→ AIM OF THE TASK: In the data below, the copy begins at the line containing "Pseudogynecomastia" and runs through the last line; repeat those lines exactly, minus the pictures.

Pictures with short captions

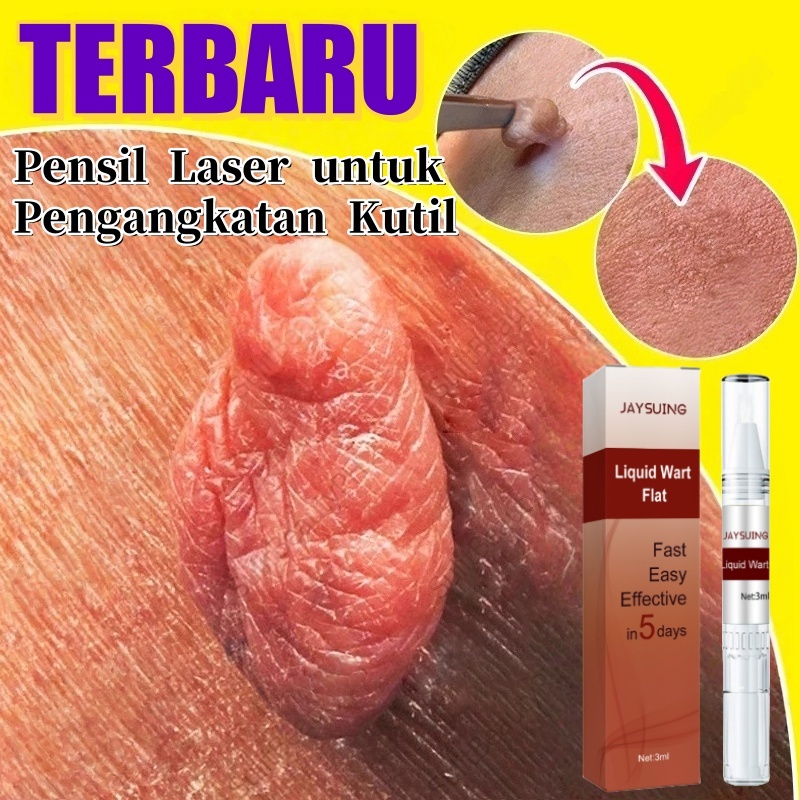 Pena Cair Penghilang Kutil Dan Tahi Perawatan Penghilang Tahi Lalat Kutil Di Wajah Skin Tag Remover 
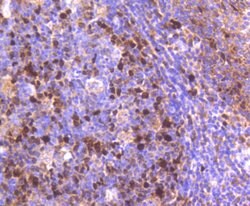 TOP2A Recombinant Rabbit Monoclonal Antibody (SY27-00), Invitrogen&trade;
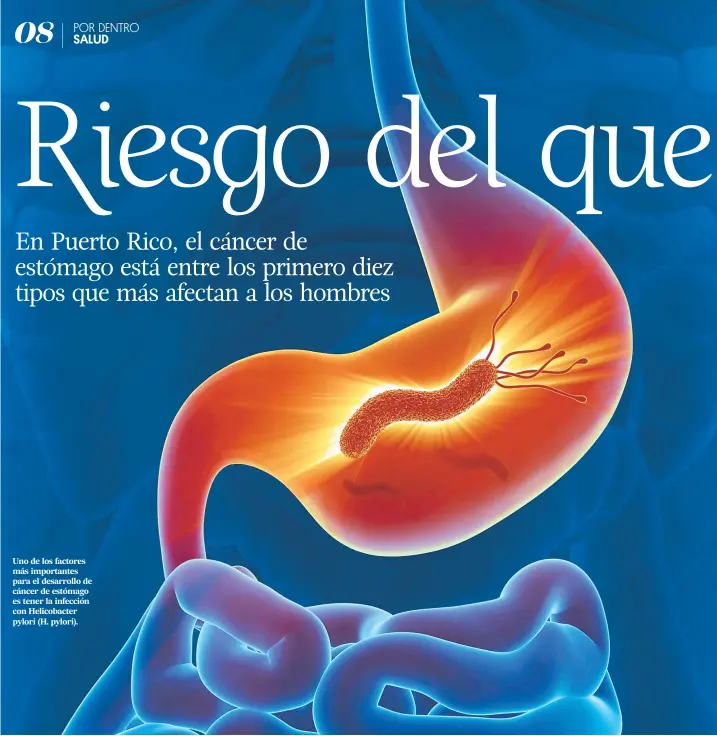  ??  ?? Uno de los factores más importante­s para el desarrollo de cáncer de estómago es tener la infección con Helicobact­er pylori (H. pylori).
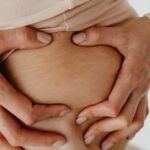 why are your stretch marks red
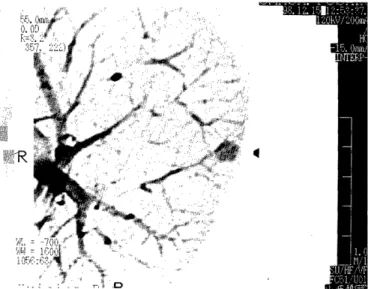Figure  1.  Computed  tomography  of  the  chest.  Note  a  nodular  ground-glass  opacity  in  the  subpleural  region  of  left  lung(B'+2,  arrowhead).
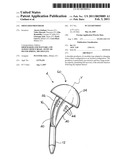 Shoulder Prosthesis diagram and image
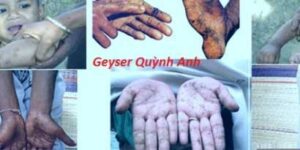 tac-hai-cua-nuoc-o-nhiem5060_410x2056729_410x205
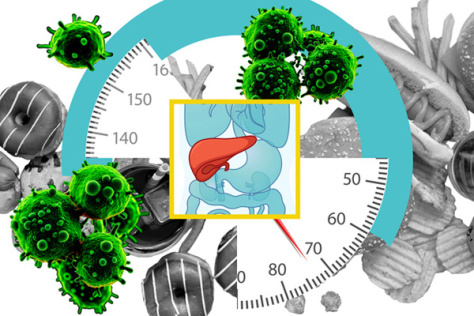 High-fat foods, sections of a bathroom scale, and cancer cells around an image of a liver.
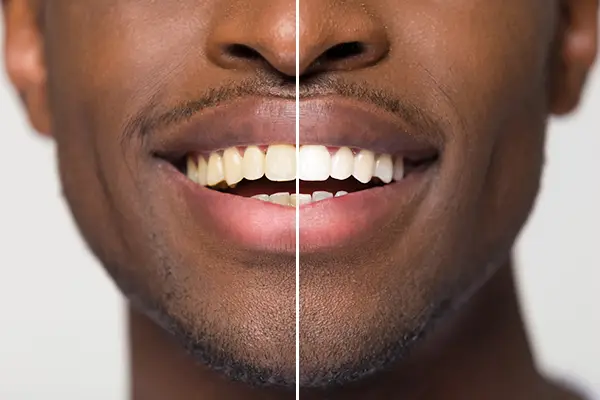 Close up comparison of before and after teeth whitening treatment on a Black man's smile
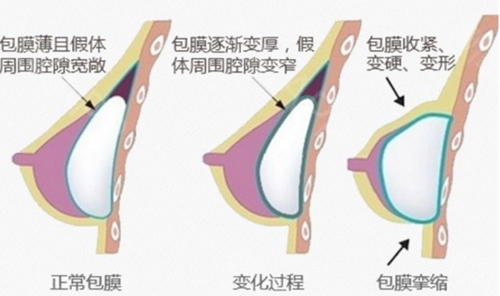 韩国profile普罗菲耳医院隆胸包膜形成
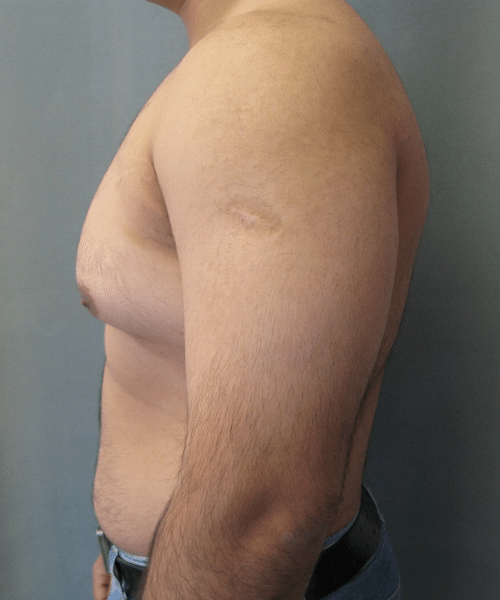 Pseudogynecomastia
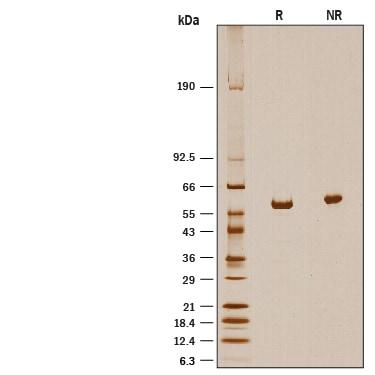 R&D Systems Recombinant Human ALDH1A2 His-tag CF (20 UG)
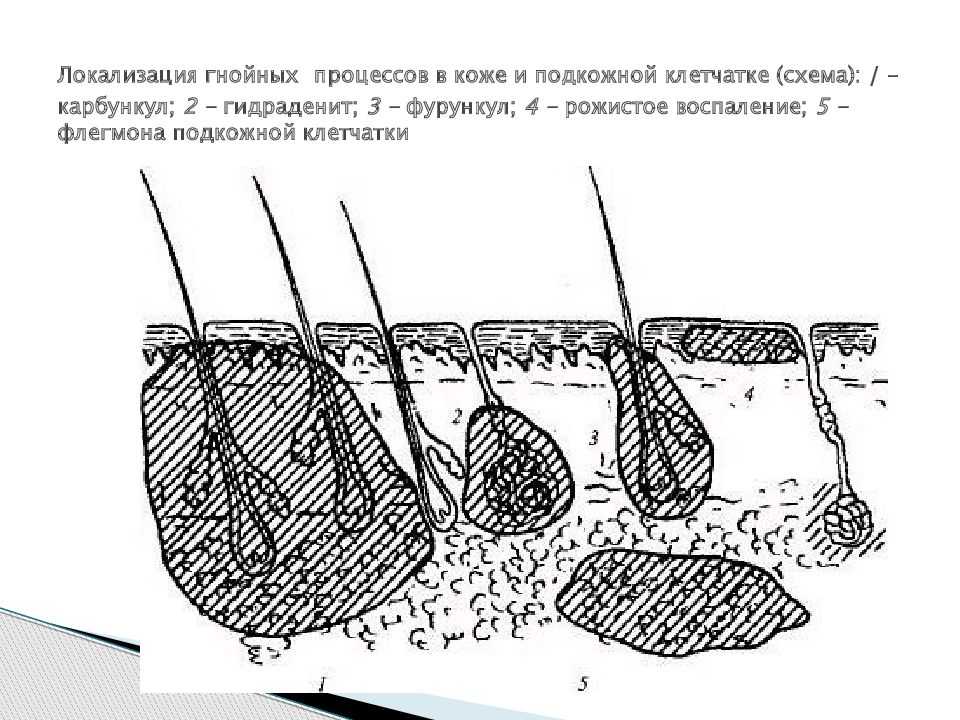 Фурункул — детская челюстно-лицевая хирургия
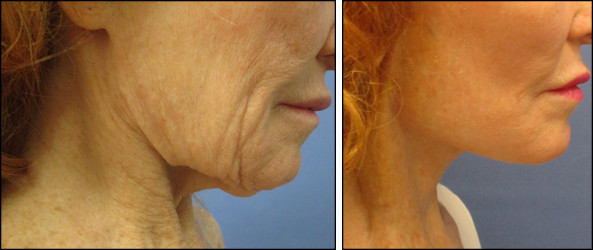 facelift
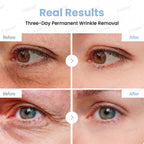 ♾️⚕️Celsiora® PDRN Anti-Wrinkle Shot – Lift & Firming Cream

→ WORKED SOLUTION:
 Pseudogynecomastia
 R&D Systems Recombinant Human ALDH1A2 His-tag CF (20 UG)
 Фурункул — детская челюстно-лицевая хирургия
 facelift
 ♾️⚕️Celsiora® PDRN Anti-Wrinkle Shot – Lift & Firming Cream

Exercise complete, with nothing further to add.